Preferably, the magnetic particle suspension is preheated prior to mixing with the melted fat and emulsifier to ensure that the fat is always in a melted state.
Preferably, the magnetic particles whose surface is modified with lauryl gallate are made of ferric hydroxide (Fe (OH) 3 ) Colloidal solution and no foodThe lauroyl ester is prepared by oxidation-reduction reaction.
The preparation method comprises mixing lauryl gallate aqueous solution with Fe (OH) 3 Mixing the colloid solutions, adding into a high-pressure heating kettle, heating at 150-250deg.C for 1-6 hr (such as 200 deg.C for 3 hr), and reducing with hydroxy of lauryl gallate to obtain (Fe) modified with lauryl gallate 3 O 4 ) And (5) carrying out post-treatment on the system liquid of the magnetic nano particles to obtain the magnetic particles.

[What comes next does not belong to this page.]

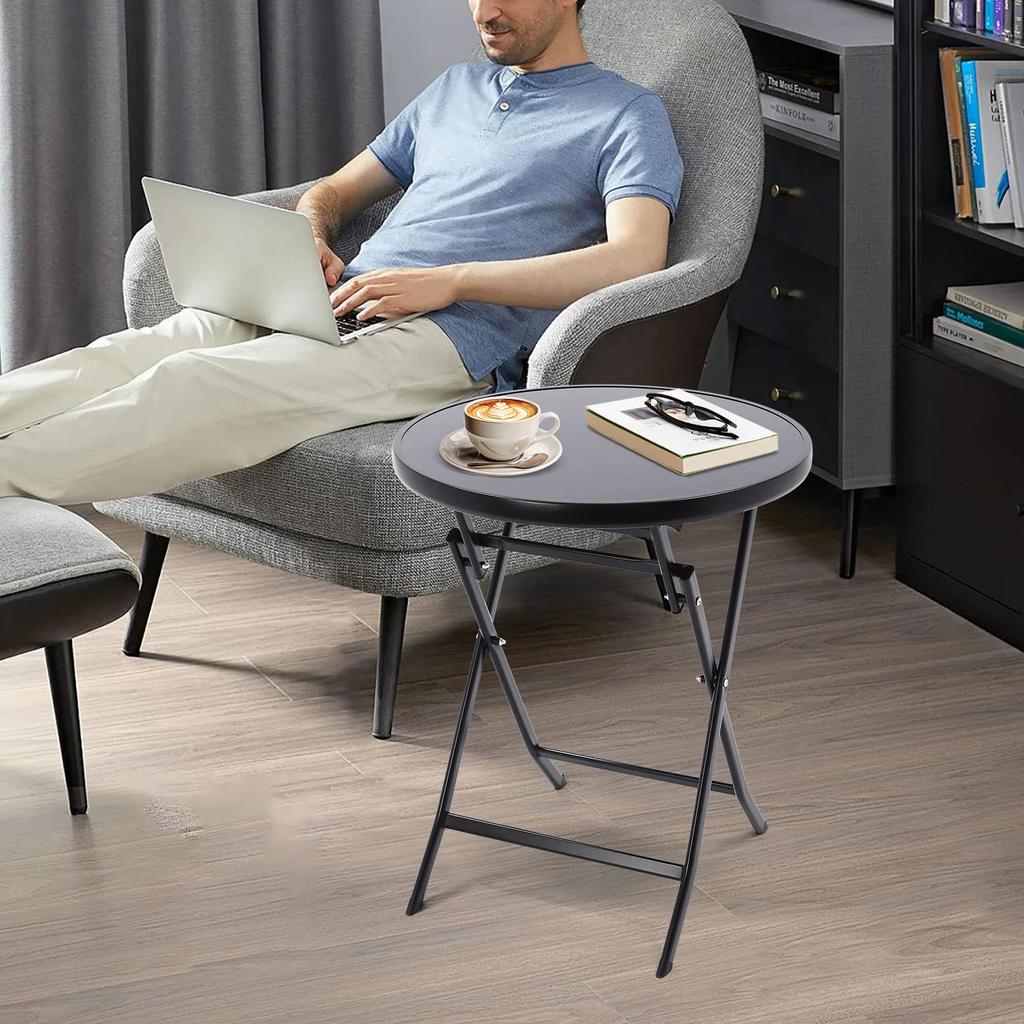 Round Folding Coffee Table 60cm W/ 120kg/264.55lbs Weight Capacity - Indoor Outdoor Portable Side Table for Patio,Garden,Balcony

Preferably, the concentration of ferric hydroxide in the ferric hydroxide colloidal solution is 0.03-0.08 mol/L. The concentration of the lauryl gallate aqueous solution is 0.01-0.05 mol/L. The molar ratio of the lauryl gallate to the ferric hydroxide is (0.1-0.8): 1.
as a further preferred aspect, the magnetic particle suspension is prepared by:
and dissolving the magnetic particles in water, and performing ultrasonic dispersion to obtain the magnetic particle suspension.
Wherein the power of ultrasonic dispersion is preferably 400-800W, and the dispersion time is preferably 10-30 s; the power of ultrasonic dispersion is more preferably 800W, and the dispersion time is more preferably 10s. The mass volume ratio of the magnetic particles to the water in the magnetic particle suspension is 0.8-1.5 mg/mL.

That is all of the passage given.